** Opening DATA RECORDS block **
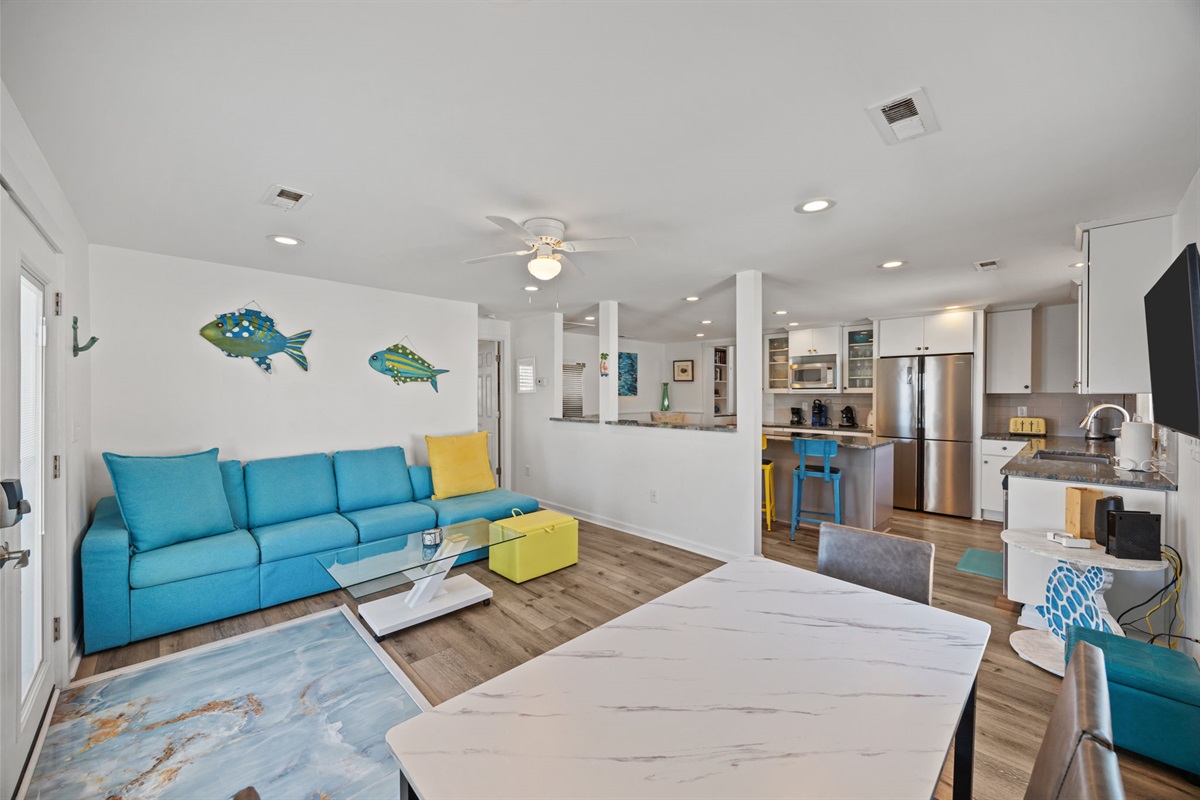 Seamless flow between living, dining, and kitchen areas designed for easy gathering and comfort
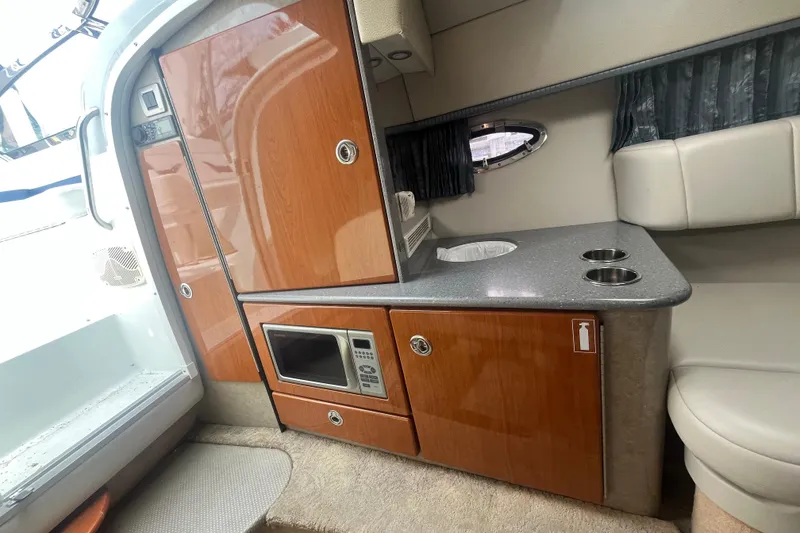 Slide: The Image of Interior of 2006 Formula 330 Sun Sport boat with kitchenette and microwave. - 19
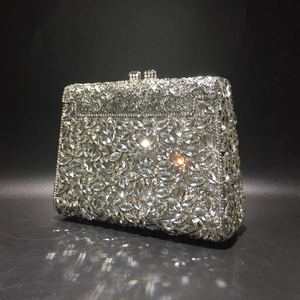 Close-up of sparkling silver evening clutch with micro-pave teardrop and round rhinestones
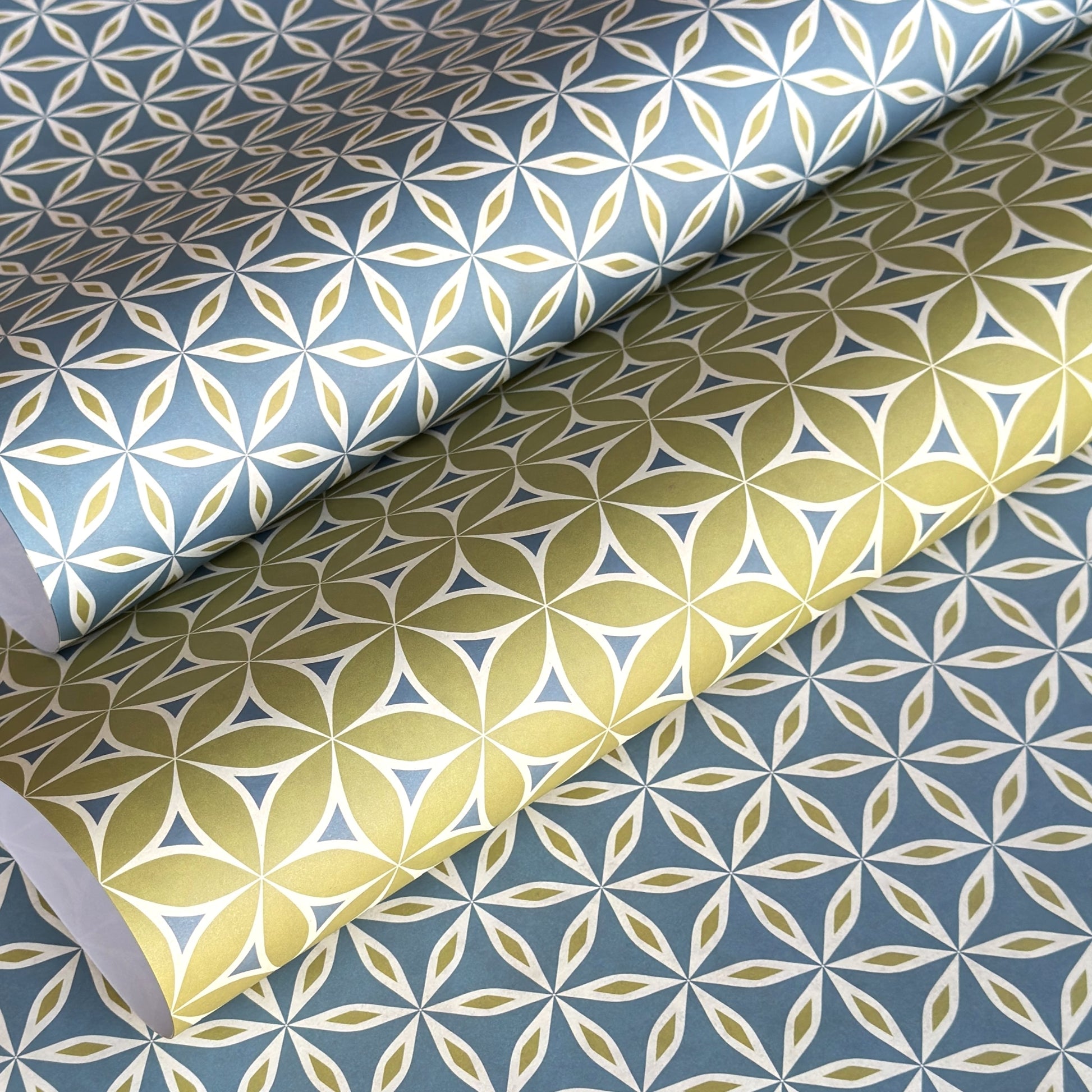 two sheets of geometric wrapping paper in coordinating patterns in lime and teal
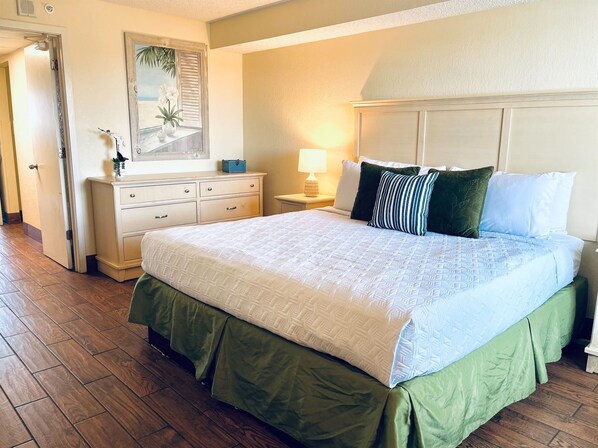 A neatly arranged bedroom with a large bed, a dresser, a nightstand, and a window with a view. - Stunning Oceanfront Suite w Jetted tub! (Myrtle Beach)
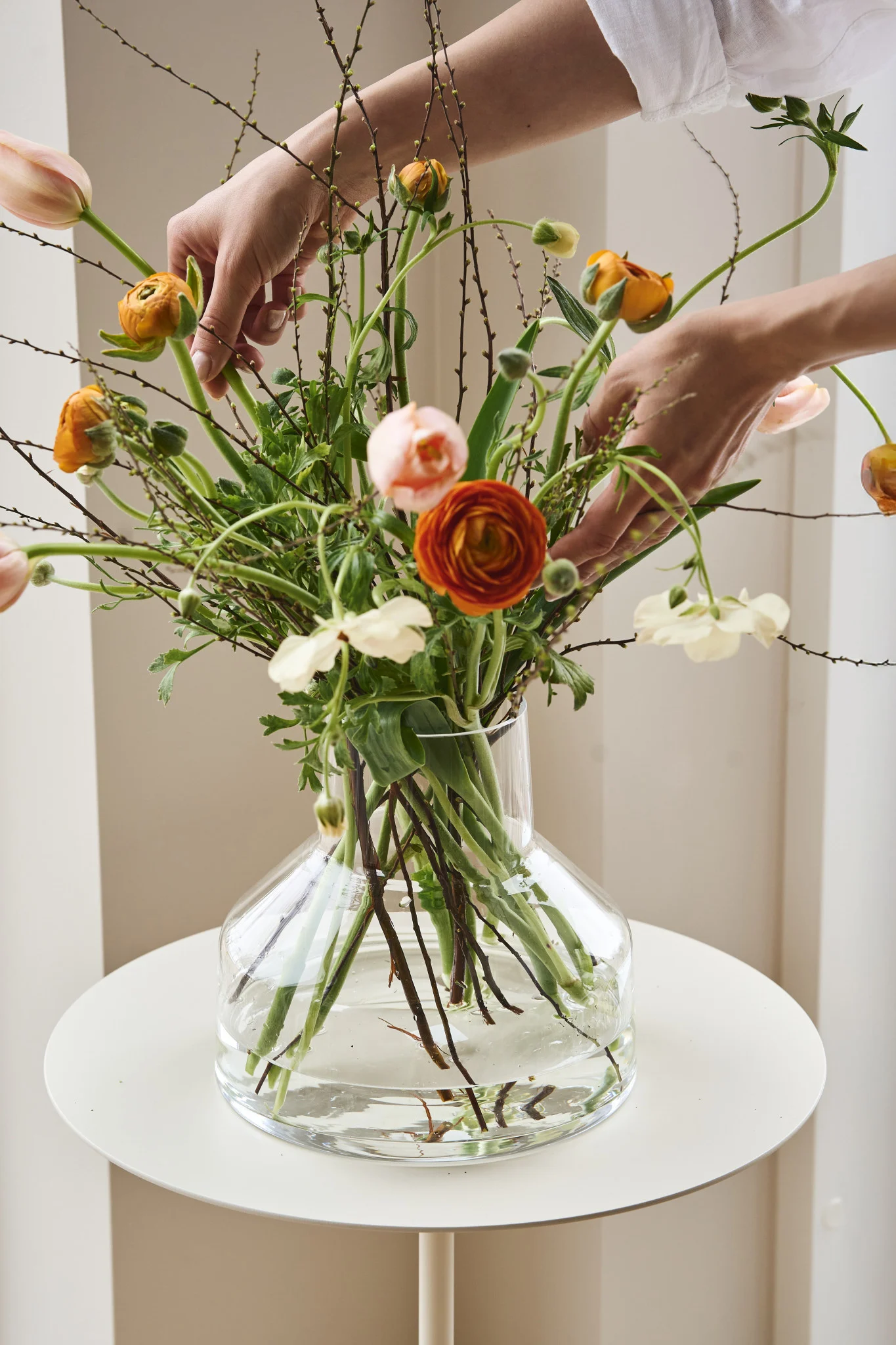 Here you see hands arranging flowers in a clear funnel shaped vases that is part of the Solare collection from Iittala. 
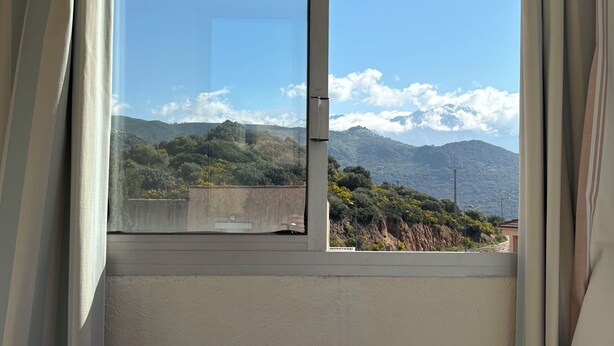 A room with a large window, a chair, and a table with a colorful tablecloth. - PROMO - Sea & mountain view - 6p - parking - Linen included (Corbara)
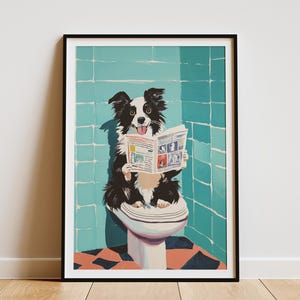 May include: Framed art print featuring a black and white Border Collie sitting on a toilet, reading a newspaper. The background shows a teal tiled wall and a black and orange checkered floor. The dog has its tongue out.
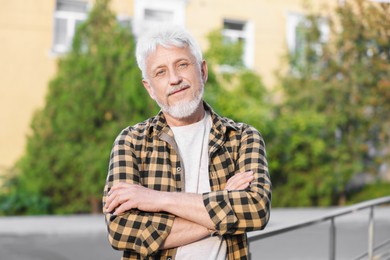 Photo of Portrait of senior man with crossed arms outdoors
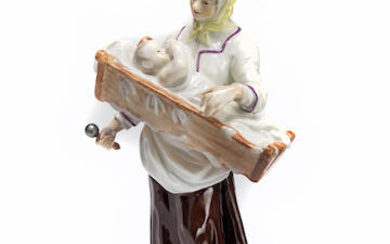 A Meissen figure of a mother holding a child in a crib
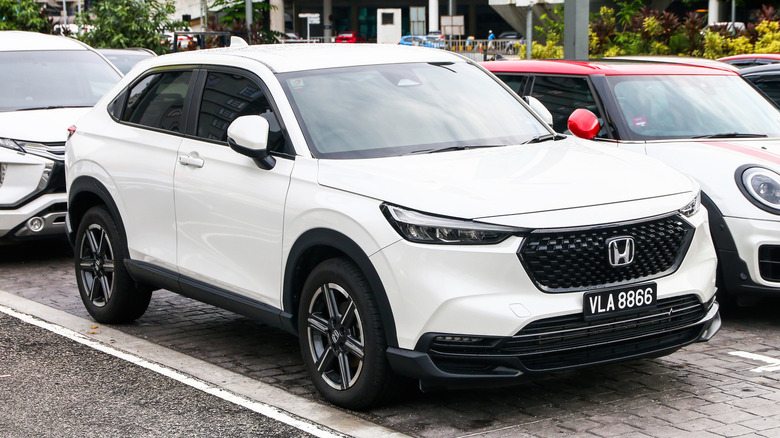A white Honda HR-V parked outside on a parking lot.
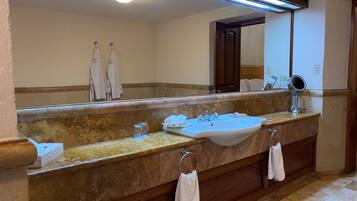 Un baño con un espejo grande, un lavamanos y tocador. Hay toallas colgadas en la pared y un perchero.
** Closing DATA RECORDS block **
— EXERCISE DETAILS —
Put each line of the listing above into the copy exactly, dropping the pictures.

— TASK RESULT —
 Seamless flow between living, dining, and kitchen areas designed for easy gathering and comfort
 Slide: The Image of Interior of 2006 Formula 330 Sun Sport boat with kitchenette and microwave. - 19
 Close-up of sparkling silver evening clutch with micro-pave teardrop and round rhinestones
 two sheets of geometric wrapping paper in coordinating patterns in lime and teal
 A neatly arranged bedroom with a large bed, a dresser, a nightstand, and a window with a view. - Stunning Oceanfront Suite w Jetted tub! (Myrtle Beach)
 Here you see hands arranging flowers in a clear funnel shaped vases that is part of the Solare collection from Iittala. 
 A room with a large window, a chair, and a table with a colorful tablecloth. - PROMO - Sea & mountain view - 6p - parking - Linen included (Corbara)
 May include: Framed art print featuring a black and white Border Collie sitting on a toilet, reading a newspaper. The background shows a teal tiled wall and a black and orange checkered floor. The dog has its tongue out.
 Photo of Portrait of senior man with crossed arms outdoors
 A Meissen figure of a mother holding a child in a crib
A white Honda HR-V parked outside on a parking lot.
 Un baño con un espejo grande, un lavamanos y tocador. Hay toallas colgadas en la pared y un perchero.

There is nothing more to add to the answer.